Ash is Purest White has been making its festival route and maybe theatrical screenings in China. The word about it is almost all positive which has me incredibly excited and one of my top picks for this year’s Festival du Nouveau Festival.
Ash is Purest White (2018)
Director (and writer): Zhangke Jia
Cast: Tao Zhao, Fan Liao, Yi’nan Diao, Xiaogang Feng, Zheng Xu
A story of violent love within a time frame spanning from 2001 to 2017. – IMDB
Ash is Purest White is a movie that names itself as Jiang Hu Er Nu, which means in direct translation, Underworld’s Sons and Daughters. What seems like it is a crime and gangster movie quickly changes shape in its second and third acts. Ash is Purest White is a slow-paced film that is essentially an epic romance that propels the life of a woman through a span of many years as she enters this world that she ends up being a part of because of her boyfriend. The story mainly revolves the perspective of Qiao, played by Tan Zhao where her boyfriend Bin, played by Fan Liao, only have scenes with her but rarely individual ones. At a runtime of over 2 hours, Ash is Purest White never feels like that despite its deliberate slow pace, in fact, it takes it time so that we get to know Qiao and her story and her emotions and especially her strength and loyalty. Set in the beautiful outskirts of China in Datong in the Shanxi province, the cinematography also deserves a great nod as well as the fantastic soundtrack.

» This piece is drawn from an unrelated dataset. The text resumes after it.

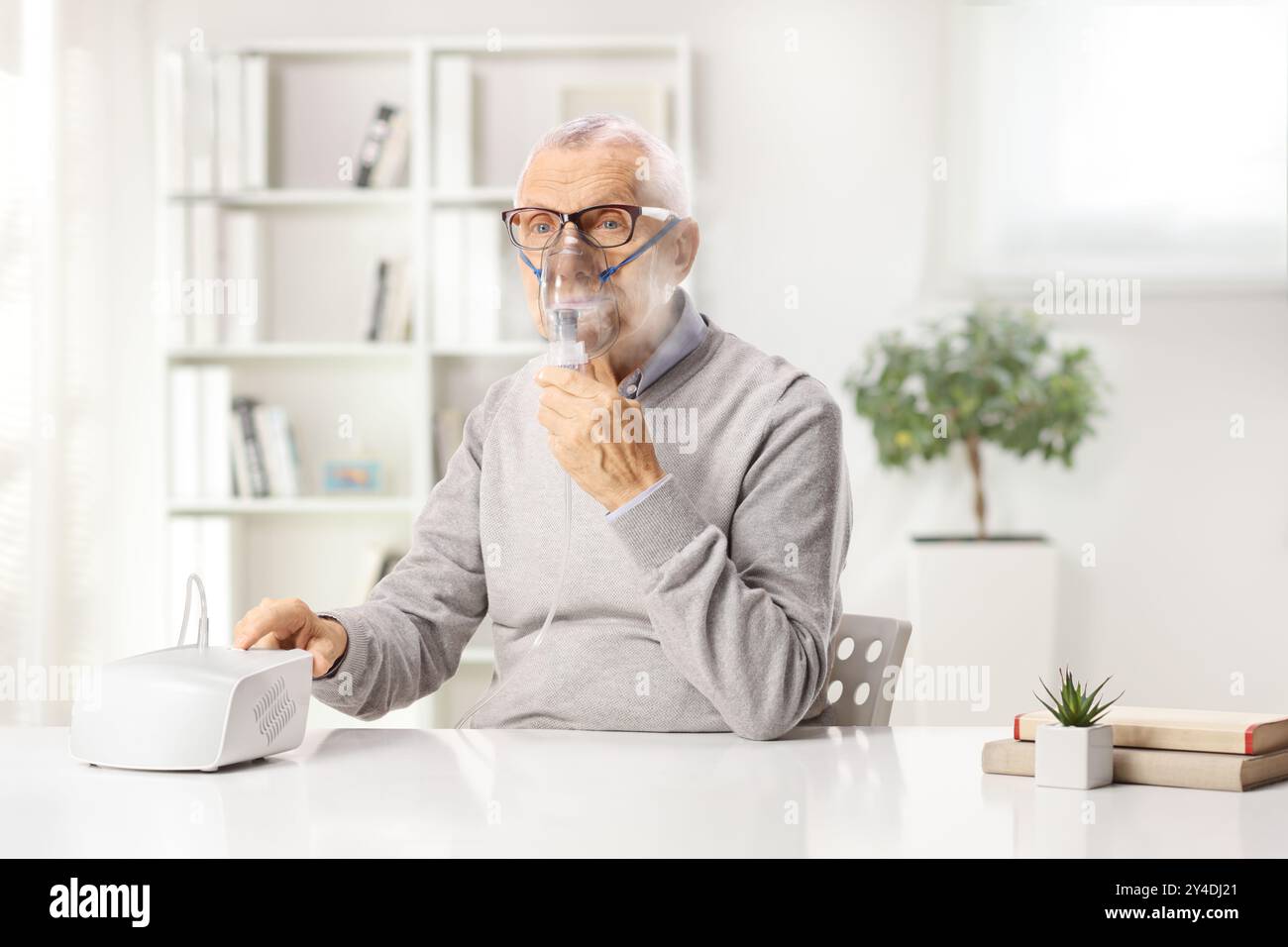 Senior man sitting at home and using a nebulizer Stock Photo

With that said, the outstanding role here that definitely carries Ash is the Purest White is Tao Zhao. I’ve never seen her in anything else in my memory but she falls so beautifully into this role. Capturing her innocence and life in the early parts of the movie as she follows her boyfriend and supports him as he is the leader of his gang and fights off the opposing forces. There’s a loyalty and love here that binds them as individuals and makes their relationship strong. For a film to be carried by almost completely by one character is hard but Tao Zhao does it so fantastically. She has a strength to her character as she goes from her happiness of being under the protection of her boyfriend to when she stands up and sacrifices for him which changes her life around by then those things she learned from him becomes a circle and takes her to where she ends up years later when he needs her help. There is such a loyalty and commitment as well as regrets to their relationship that resounds.

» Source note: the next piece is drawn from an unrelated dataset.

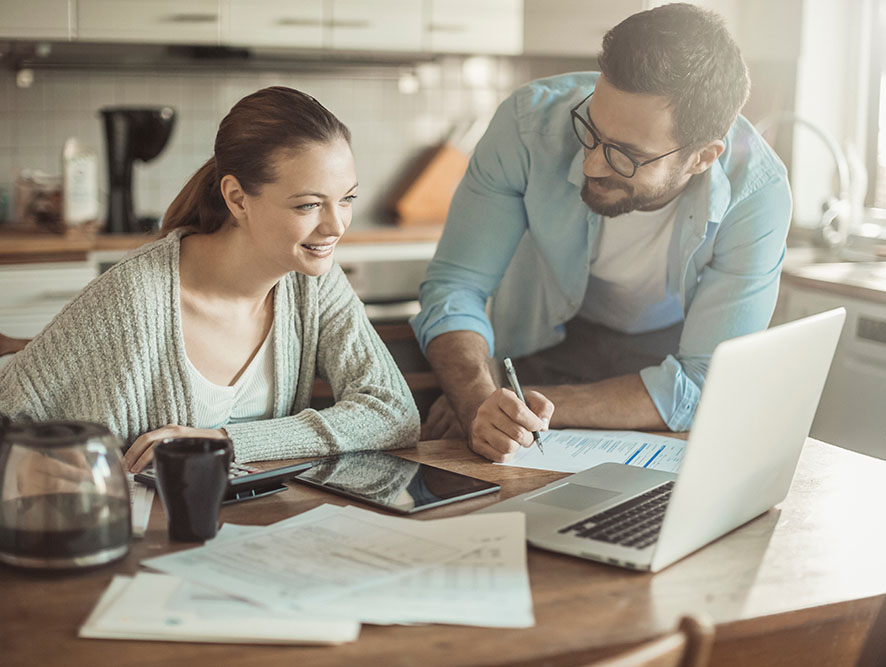 Young couple looking at laptop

Don’t get me wrong though. As strong as Tao Zhao’s character is, Fan Liao’s Bin cannot be ignored. Even in his quiet expressions and his few words, he manages to show a lot of emotions. A sign of a great actor are in these skills. While his character might not be in a lot of the scenes in the second act for example. His character always has a presence in the other’s life and that is the power of this love story. However, there is something of a flip role as we see how both of their similar experiences has ended up with very different results. The debate in their character is what does “jianghu” does to them in some ways.
Overall, Ash is Purest White is a slow-paced romance that takes a fairly unconventional route that brings about the loyalty, regrets of two people but their differences from what happens that changes them and also breaks them in some ways making them find and lose themselves respectively. There’s a perpetual aspect to their love even when they aren’t both on the screen. The story is crafted so delicately that it works to help us truly be bonded with these two characters. Even in two hours, it rarely feels like there are pacing issues but yet, every detail here is done to help the audience understand these characters and their experiences and think about it. There is a beauty and art here that is hard to ignore. Its one that might resounded to myself as I thought about it more and more.